Output all records below verbatim.

[Short descriptive text snippets]
• • • •

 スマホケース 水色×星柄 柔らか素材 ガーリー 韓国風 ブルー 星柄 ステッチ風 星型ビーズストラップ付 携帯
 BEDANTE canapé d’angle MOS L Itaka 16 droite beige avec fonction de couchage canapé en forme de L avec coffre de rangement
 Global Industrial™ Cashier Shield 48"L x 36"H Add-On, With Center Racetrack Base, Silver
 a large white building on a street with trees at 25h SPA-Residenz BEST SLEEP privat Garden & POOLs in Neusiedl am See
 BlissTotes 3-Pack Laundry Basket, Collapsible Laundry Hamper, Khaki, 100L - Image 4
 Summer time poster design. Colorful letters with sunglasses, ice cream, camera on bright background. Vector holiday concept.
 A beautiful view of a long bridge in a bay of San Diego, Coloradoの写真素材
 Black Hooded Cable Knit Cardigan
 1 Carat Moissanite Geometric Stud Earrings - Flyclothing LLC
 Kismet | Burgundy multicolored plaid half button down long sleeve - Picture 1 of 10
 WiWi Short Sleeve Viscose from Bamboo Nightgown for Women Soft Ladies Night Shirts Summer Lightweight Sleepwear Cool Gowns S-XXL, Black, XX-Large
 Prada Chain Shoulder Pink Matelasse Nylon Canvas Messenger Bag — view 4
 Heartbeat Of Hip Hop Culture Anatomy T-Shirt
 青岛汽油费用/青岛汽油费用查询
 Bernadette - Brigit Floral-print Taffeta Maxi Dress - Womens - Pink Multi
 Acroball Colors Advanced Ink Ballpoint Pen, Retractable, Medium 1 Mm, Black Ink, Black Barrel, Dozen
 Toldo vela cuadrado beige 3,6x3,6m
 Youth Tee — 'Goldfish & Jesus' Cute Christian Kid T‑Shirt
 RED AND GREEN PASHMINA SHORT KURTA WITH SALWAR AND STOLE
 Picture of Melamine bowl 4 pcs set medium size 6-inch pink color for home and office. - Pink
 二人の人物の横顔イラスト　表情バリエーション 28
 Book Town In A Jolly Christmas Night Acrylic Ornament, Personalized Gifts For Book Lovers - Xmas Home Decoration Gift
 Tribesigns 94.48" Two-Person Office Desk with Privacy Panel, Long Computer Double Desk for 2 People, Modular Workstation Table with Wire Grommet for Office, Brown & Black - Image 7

• • • •

• [Answer to this problem]
 スマホケース 水色×星柄 柔らか素材 ガーリー 韓国風 ブルー 星柄 ステッチ風 星型ビーズストラップ付 携帯
 BEDANTE canapé d’angle MOS L Itaka 16 droite beige avec fonction de couchage canapé en forme de L avec coffre de rangement
 Global Industrial™ Cashier Shield 48"L x 36"H Add-On, With Center Racetrack Base, Silver
 a large white building on a street with trees at 25h SPA-Residenz BEST SLEEP privat Garden & POOLs in Neusiedl am See
 BlissTotes 3-Pack Laundry Basket, Collapsible Laundry Hamper, Khaki, 100L - Image 4
 Summer time poster design. Colorful letters with sunglasses, ice cream, camera on bright background. Vector holiday concept.
 A beautiful view of a long bridge in a bay of San Diego, Coloradoの写真素材
 Black Hooded Cable Knit Cardigan
 1 Carat Moissanite Geometric Stud Earrings - Flyclothing LLC
 Kismet | Burgundy multicolored plaid half button down long sleeve - Picture 1 of 10
 WiWi Short Sleeve Viscose from Bamboo Nightgown for Women Soft Ladies Night Shirts Summer Lightweight Sleepwear Cool Gowns S-XXL, Black, XX-Large
 Prada Chain Shoulder Pink Matelasse Nylon Canvas Messenger Bag — view 4
 Heartbeat Of Hip Hop Culture Anatomy T-Shirt
 青岛汽油费用/青岛汽油费用查询
 Bernadette - Brigit Floral-print Taffeta Maxi Dress - Womens - Pink Multi
 Acroball Colors Advanced Ink Ballpoint Pen, Retractable, Medium 1 Mm, Black Ink, Black Barrel, Dozen
 Toldo vela cuadrado beige 3,6x3,6m
 Youth Tee — 'Goldfish & Jesus' Cute Christian Kid T‑Shirt
 RED AND GREEN PASHMINA SHORT KURTA WITH SALWAR AND STOLE
 Picture of Melamine bowl 4 pcs set medium size 6-inch pink color for home and office. - Pink
 二人の人物の横顔イラスト　表情バリエーション 28
 Book Town In A Jolly Christmas Night Acrylic Ornament, Personalized Gifts For Book Lovers - Xmas Home Decoration Gift
 Tribesigns 94.48" Two-Person Office Desk with Privacy Panel, Long Computer Double Desk for 2 People, Modular Workstation Table with Wire Grommet for Office, Brown & Black - Image 7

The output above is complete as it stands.